Levi walked out of the house, and I sat at the table, still gripping my coffee, the mug almost cracking under my tight grip.
“Axe, fuck, he shouldn’t have said all that about Mamma—” Austin tried to say, but I stood, cutting him off, washed my cup out in the sink, and placed it on the drainer.
Closing my eyes and inhaling to fight back the fucking devastation washing through me, I said, “He’s right, Aust. Everything he said was right.” I looked up to see Austin and Lexi watching me with sympathetic eyes.
I didn’t want no fucking pity. It only pissed me off more. I wasn’t a damn charity case.

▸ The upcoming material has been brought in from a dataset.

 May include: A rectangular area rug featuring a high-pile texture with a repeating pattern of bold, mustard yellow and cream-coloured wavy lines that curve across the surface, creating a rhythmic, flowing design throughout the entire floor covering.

Pushing off the counter, I walked past my brother and wife, but not before saying, “If I could trade places with Mamma, I’d do it in a heartbeat. I deserve to be dead. I ain’t never done nothing good in my whole life. Lev’s right. I’m trash.”
*****
Feeling the cold metal of the hammer in my hands, I began slamming it down on the large chunks of gray-veined Pavonazzo marble that I wouldn’t need on this sculpture. With each blow I felt each one of Levi’s words strike my chest like I was being torn apart.
What the hell have I done to that kid?